Even though ereader sales are down, Amazon is continuing to improve the Kindle.
The company on Tuesday announced an updated version of the Kindle Paperwhite, its flagship ereader, which was first released last year.
Aside from a brighter screen with higher contrast, most of the changes are to the guts and the operating system of the device -- a 25 percent faster processor, touch technology that promises to be more responsive, and new features that aim to enhance reading on a Paperwhite.
But the upgraded Paperwhite comes at a time when sales of tablets -- from companies like Apple, Samsung, Asus and Amazon itself -- have eaten into sales of ereaders. Sales of Kindle ereaders -- which make up almost half of ereader sales worldwide -- peaked in 2011 and are expected to continue to decline over the next five years, according to IDC. The technology research firm predicts a drop in all ereader sales from a peak of 26.4 million worldwide in 2011 to 11.7 million in 2017.
Last year, sales of Amazon's Kindle Fire, a tablet with a color LCD display, surpassed sales of its ereaders. Still, Amazon has revamped its bestselling ereader and kept the price for the Wi-Fi version at $119.
Perhaps most useful, and what makes reading on a Kindle more like reading an actual paper book, is the new Kindle Page Flip feature. Kindle Page Flip allows you to look at other pages, like a glossary or a map, without losing the page you're reading. Think of it as the 21st century version of using your finger as a placeholder. A swipe from the bottom of the screen brings up a scrubber that allows you to scroll through other chapters or pages. A preview window appears over the current page you're reading. To actually go to another page, simply tap the preview. You can also see bookmarked pages within a preview window.
Amazon has added similar functionality with footnotes, so that the text of a footnote appears in a box on the page you're reading.
Another update aims to help readers build their vocabulary. For some time, you've been able to look up the definitions of words you don't know. Now, each time you look up a word, that word is collected in the Vocabulary Builder, a section of the Kindle Paperwhite that can later quiz you with flashcards.
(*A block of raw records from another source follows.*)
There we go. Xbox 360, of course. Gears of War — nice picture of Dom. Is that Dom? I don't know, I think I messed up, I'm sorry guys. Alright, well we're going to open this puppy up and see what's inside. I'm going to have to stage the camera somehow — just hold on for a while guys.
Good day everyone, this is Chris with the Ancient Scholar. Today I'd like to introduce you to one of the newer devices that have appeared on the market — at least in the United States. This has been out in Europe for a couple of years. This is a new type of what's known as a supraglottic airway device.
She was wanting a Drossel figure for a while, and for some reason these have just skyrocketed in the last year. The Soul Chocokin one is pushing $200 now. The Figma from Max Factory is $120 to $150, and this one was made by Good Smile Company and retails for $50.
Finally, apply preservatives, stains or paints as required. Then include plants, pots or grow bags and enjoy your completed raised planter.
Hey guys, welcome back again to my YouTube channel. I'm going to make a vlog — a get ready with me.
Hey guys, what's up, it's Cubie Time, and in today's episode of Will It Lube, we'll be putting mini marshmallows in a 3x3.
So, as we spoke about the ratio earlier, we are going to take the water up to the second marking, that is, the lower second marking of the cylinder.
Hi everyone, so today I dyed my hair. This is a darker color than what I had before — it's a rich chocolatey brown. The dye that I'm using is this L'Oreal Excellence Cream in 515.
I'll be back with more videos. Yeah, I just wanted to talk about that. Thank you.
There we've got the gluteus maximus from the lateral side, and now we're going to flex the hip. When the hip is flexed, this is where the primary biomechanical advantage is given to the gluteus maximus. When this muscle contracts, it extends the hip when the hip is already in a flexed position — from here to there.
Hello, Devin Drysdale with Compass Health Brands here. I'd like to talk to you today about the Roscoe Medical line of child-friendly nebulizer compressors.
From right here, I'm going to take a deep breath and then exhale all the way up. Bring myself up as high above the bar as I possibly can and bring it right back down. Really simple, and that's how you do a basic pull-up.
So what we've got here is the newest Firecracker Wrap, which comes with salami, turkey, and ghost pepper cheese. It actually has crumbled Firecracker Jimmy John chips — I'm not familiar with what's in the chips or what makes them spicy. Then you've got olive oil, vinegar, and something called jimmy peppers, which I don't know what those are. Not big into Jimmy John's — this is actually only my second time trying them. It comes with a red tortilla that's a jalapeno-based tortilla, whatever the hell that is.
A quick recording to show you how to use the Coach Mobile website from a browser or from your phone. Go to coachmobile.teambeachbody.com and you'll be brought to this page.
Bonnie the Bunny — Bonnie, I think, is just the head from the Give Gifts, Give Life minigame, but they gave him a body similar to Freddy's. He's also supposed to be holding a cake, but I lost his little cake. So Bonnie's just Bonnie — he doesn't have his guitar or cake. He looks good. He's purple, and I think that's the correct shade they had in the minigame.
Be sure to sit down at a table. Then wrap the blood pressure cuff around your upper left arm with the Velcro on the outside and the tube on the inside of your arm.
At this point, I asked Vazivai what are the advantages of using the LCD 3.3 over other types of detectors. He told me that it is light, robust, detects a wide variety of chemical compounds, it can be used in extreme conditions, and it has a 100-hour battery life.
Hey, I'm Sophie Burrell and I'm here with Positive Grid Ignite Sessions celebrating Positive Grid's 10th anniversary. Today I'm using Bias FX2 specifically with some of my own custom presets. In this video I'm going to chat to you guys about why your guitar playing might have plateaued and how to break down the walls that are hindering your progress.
Later this year, the new Paperwhite will receive a software update that will integrate Kindle FreeTime, Amazon's parental control feature now available on the Kindle Fire family of tablets. FreeTime will allow parents not only to choose which books are available for their kids to read, but to keep track of how much their kids are reading.
A later update will also integrate Goodreads, the social network for book lovers that Amazon bought earlier this year, into the Kindle, allowing people to see book recommendations and what their friends are reading.
The new features are for now available only on the upgraded Paperwhite, which became available for presale on Tuesday and will ship on Sept. 30. Amazon hasn't said whether the software updates will come to older Kindles.
Tom Mainelli, a research director at IDC, said that Amazon didn't correctly predict how quickly tablets would cut into ereader sales. Amazon's strategy with the upgraded Paperwhite, he said, is to focus on improving the Kindle experience for "a small, voracious reader group" who still prefer an ereader to a full-fledged tablet with an LCD display.
"It also happens that they're the ones that buy the most books," Mainelli said.
Amazon has made no secret that it sells Kindles at cost, making money when people pay to download books on their ereaders as well as movies, music, TV shows and magazines on their tablets.
Amazon also on Tuesday announced MatchBook, a program that will allow customers who've purchased a physical book from Amazon, any time in the history of Amazon, to download a heavily discounted -- or even free -- ebook version. The program will begin next month, and it's dependent on the participation of publishers. So far, HarperCollins is the only big name publisher on board, but Amazon expects to add more before the program begins.
Between MatchBook and the improved footnote functionality on the Paperwhite, maybe you'll finally get around to reading that copy of Infinite Jest that's been sitting on your bookshelf for years.
Mainelli said he doesn't see Amazon discontinuing its line of ereaders any time soon.
"There's definitely a place for these devices in the world today," said Mainelli. "I just think it's a smaller percentage of the average consumer who's going to want one."